Ciudad Victoria, Tamaulipas.- A su regreso al Congreso del Estado, el pleno del Poder Legislativo ‘le arrojó en su cara’ al Diputado Alfonso de León, todas las iniciativas que había propuesto y no procedieron o quedaron sin materia.
En respuesta el legislador acusó: “En este Congreso impera el revanchismo y la impunidad”.
Por más que defendió sus iniciativas, la mayoría les desecho en el pleno
De León Perales, regresó este día al pleno del Congreso junto con otros legisladores del PRI y PRD que fueron candidatos en la pasada elección y perdieron en las urnas.
El diputado independiente, criticó al Congreso el rechazo a una iniciativa que crea la Ley de Salud Mental en el Estado de Tamaulipas y aseguró que hay una infraestructura hospitalaria “sólo en la imaginación del Secretario de Salud” Norberto Treviño García Manzo.
Hubo una segunda participación del legislador, después de que el pleno declaró improcedente una iniciativa adicional del Diputado.

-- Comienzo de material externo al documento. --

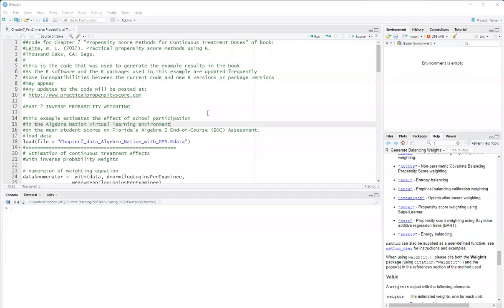Hello, this is Walter Leitchi, and this video is part two of the analysis for chapter seven of my book, Practical Propensity Score Methods Using R. Chapter seven is about propensity score methods for continuous treatment doses.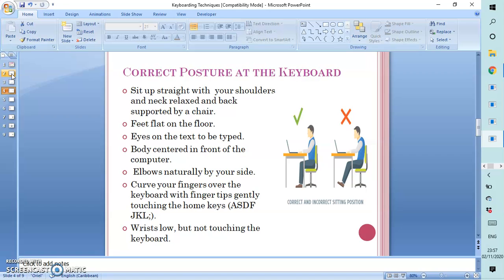Elbows naturally should be by your side. Curve your fingers over your keyboard with your fingers gently touching the home keys. Some would say to keep your fingers positioned as if you are playing the piano. And your wrists should be low but not touching the keyboard.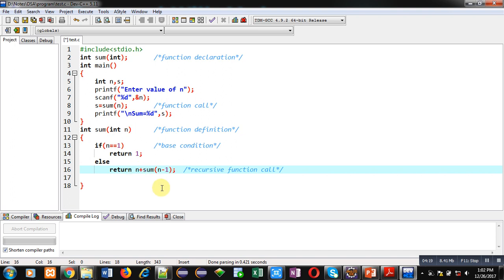Whenever you want to implement a recursive call, you have to use a data structure that is the stack. The statements responsible for recursive calling — if they have additional values or variables — those variables are automatically stored inside the stack, so that the complete result can be calculated after the base condition is achieved.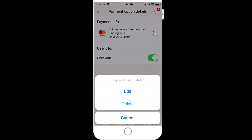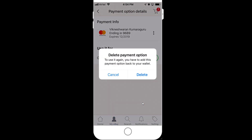Tap on the three dots and you can see the 'Delete' option. Just click the 'Delete' option and it will ask you to confirm deleting the payment option. Go ahead and delete it. That's it — this is the way you can remove your debit card or credit card details if you don't want them saved.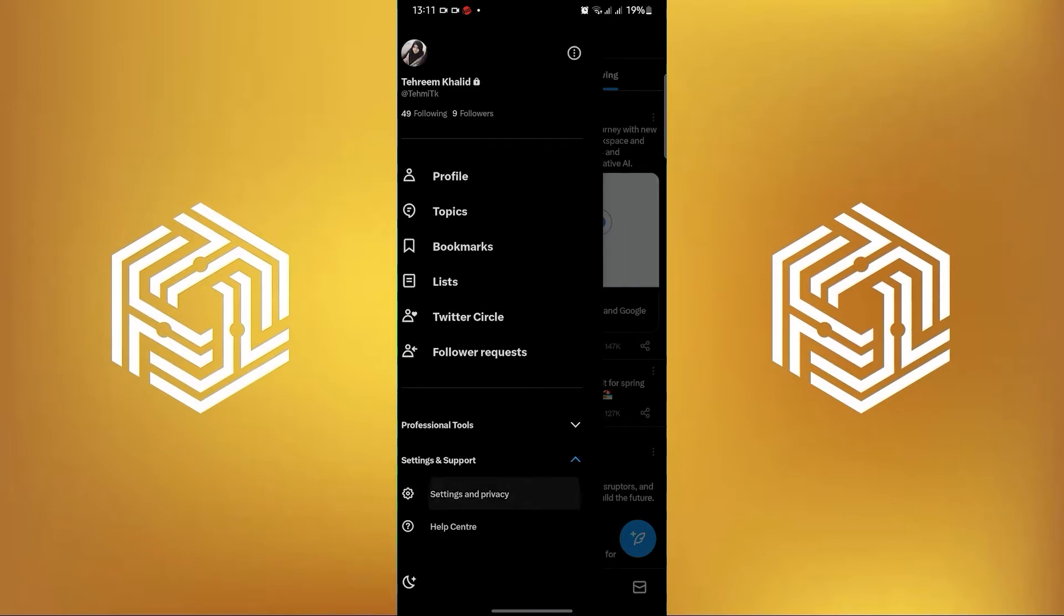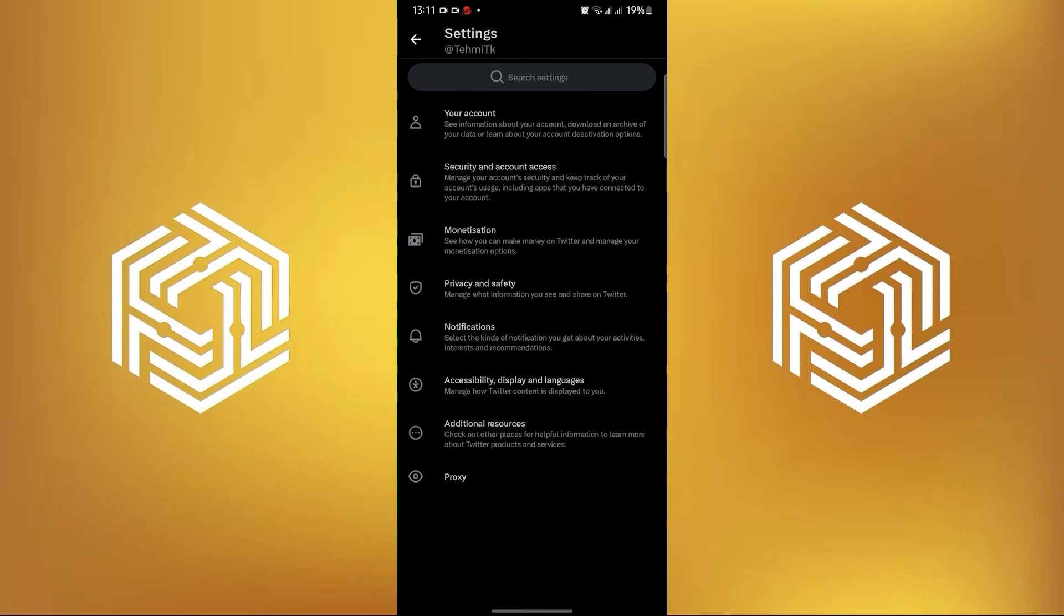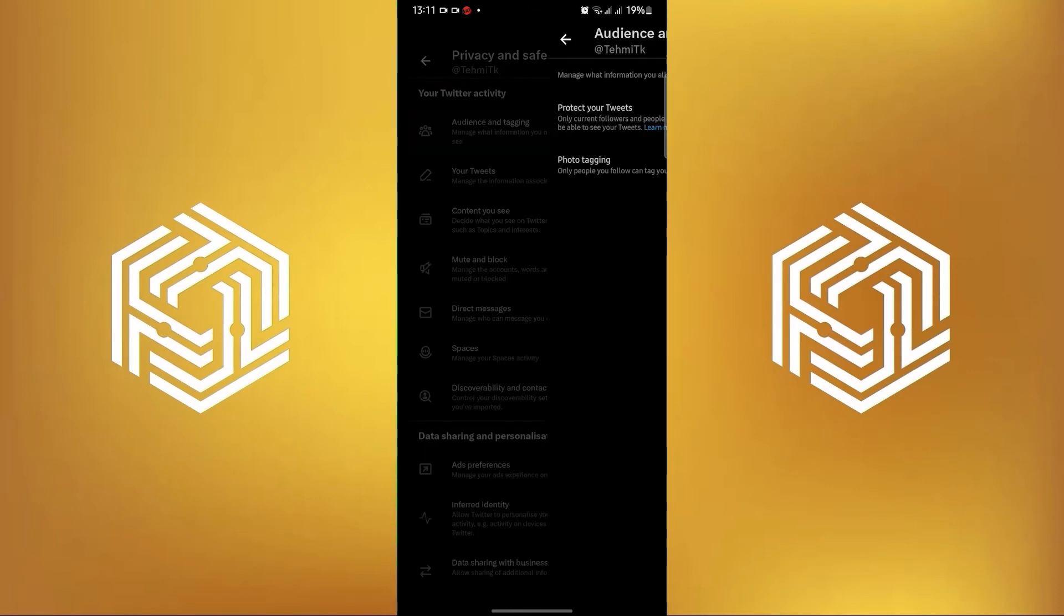Then in here tap on settings and support and go to settings and privacy. Now tap on privacy and safety. Once you're here go to audience and tagging.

“Pierdan el miedo Diputados, el miedo es una herramienta del diablo”.
La agenda de proyectos improcedentes, continuaron contra el legislador porque al menos eran los dictámenes rechazados.
“Por favor diputados, ustedes no iban a gastar nada”, reclamaba Alfonso de León cuando se declaró improcedente proponer al gobierno del Estado y municipios de la zona sur, el establecer un sistema de transporte de pasajeros denominado “Tren Ligero del sur de Tamaulipas” con una inversión de 17 mil millones de pesos.
Cuando parecía todo estaba terminando, el diputado Ricardo Rodríguez Presidente del Congreso, anunció la iniciativa para declarar “sin materia” a un dictamen más del Diputado Alfonso de León.
De plano, no era el mejor día para el Diputado y nuevamente regresó a la tribuna.
“No es justo y es bastante temerario que, ha quedado sin materia, dejar sin rescatar la restauración del edificio histórico de la Preparatoria Federal por Cooperación “José de Escandón” ubicada en la Zona Centro de Reynosa.
En cambio reclamó que sí se pudieron gastar millones de pesos en la remodelación de la casa Filizola, en ciudad Victoria y propiedad de “una familia de origen Italiana, pero los Reynosenses no somos importantes, no somos Italianos”.